That's so non-inclusive!!
You have to praise and nurture those submitting the inaccurate misinformation... (is there such a thing as accurate misinformation?)
You are going to emotionally scar them for the rest of their lives.
:hide: :lol:
Youtube videos explain and show how to do so very many things. Priceless.
Yep. Some people hate internet and youtube vids but there's lots of good information available if one knows how to look for it.
 
Dave said:
I wonder about those award buckles. Not that they are bad. It just makes me wonder. But I traveled some rodeoing with a guy who won the world championship once and the NFR two times riding bulls. Had been in his house many times. He had his world buckle, the two NFR buckles, and not many more. I know that he won some of the big ones over the years but no buckles from them. Now days the Poduck County goat roping gives a big fancy buckle so you can go through life claiming to be their champion. I guess people just want others to know that they are winners????

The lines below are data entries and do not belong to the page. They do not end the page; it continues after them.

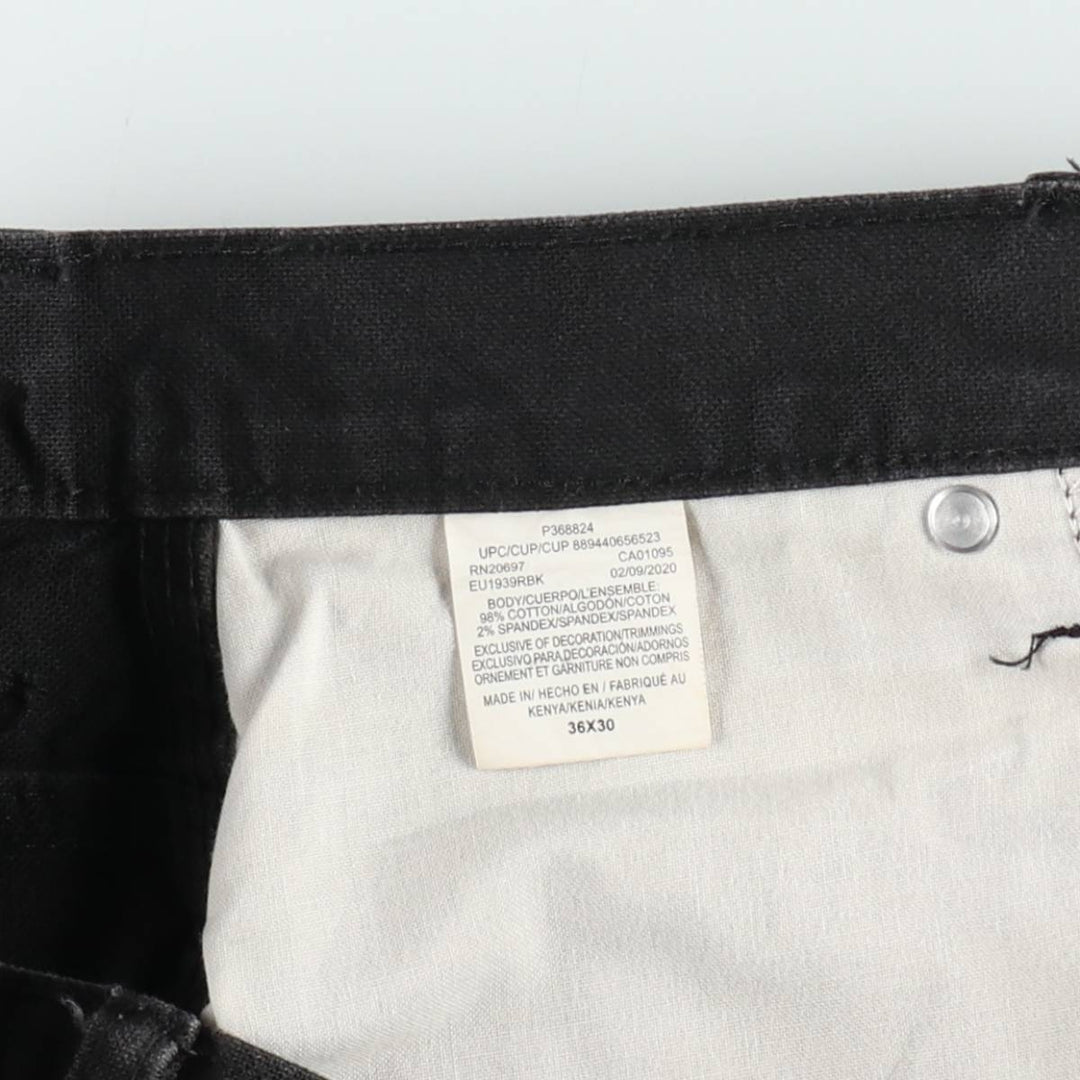 Dickies Duck Painter Pants Men's W37 cotton black type Vintage Second Hand
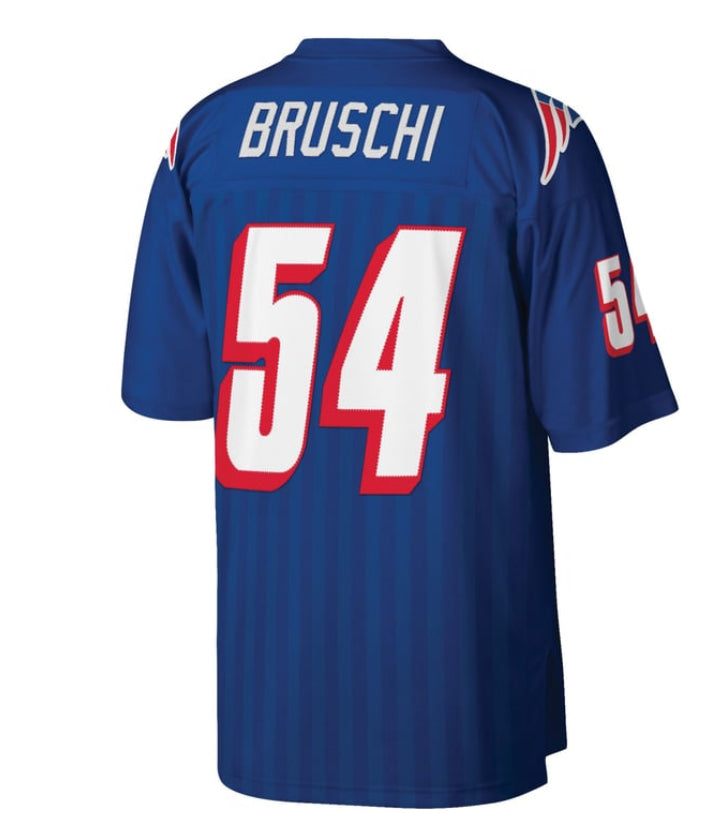 Mitchell & Ness Men's ijumpman New England Patriots Tedy Bruschi #54 1996
Throwback Jersey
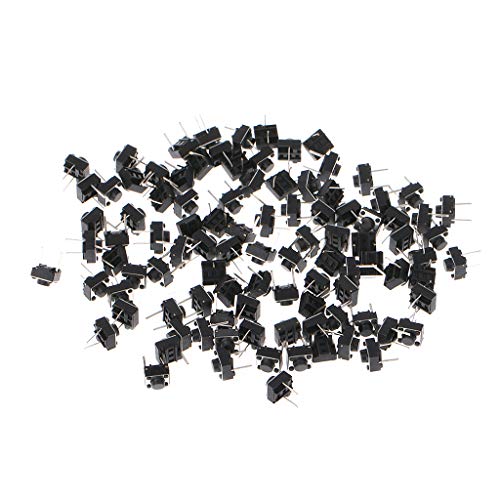 100 PCs 6x6x5mm 2 Pin Mikro Momentan Druckknopf Taktilschalter von SLXLYH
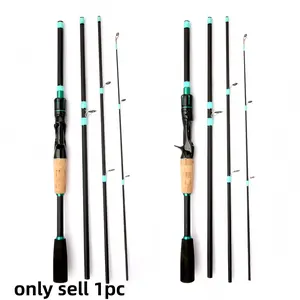 1pcs Lightweight Carbon Fiber Fishing Rod, Travel Rod, Ultra-Fast Action, Portable Multi-Joint Design, Straight Handle or Gun Handle Option, Outdoor Fishing Equipment, Outdoor Fishing Supplies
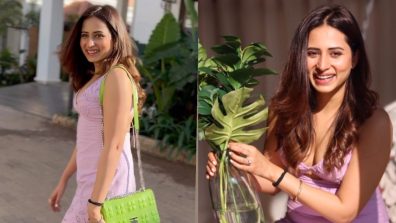 Sargun Mehta turns dreamy princess in cutout lilac midi dress, check out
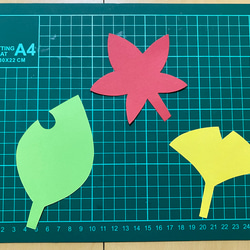 秋の壁面飾り　紅葉　イチョウ　11月 6枚目の画像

I figure I'm pushing it by wearing a cowboy hat a big ole belt buckle would put me over the top.
 
True Grit Farms said:
Dave said:
I wonder about those award buckles. Not that they are bad. It just makes me wonder. But I traveled some rodeoing with a guy who won the world championship once and the NFR two times riding bulls. Had been in his house many times. He had his world buckle, the two NFR buckles, and not many more. I know that he won some of the big ones over the years but no buckles from them. Now days the Poduck County goat roping gives a big fancy buckle so you can go through life claiming to be their champion. I guess people just want others to know that they are winners????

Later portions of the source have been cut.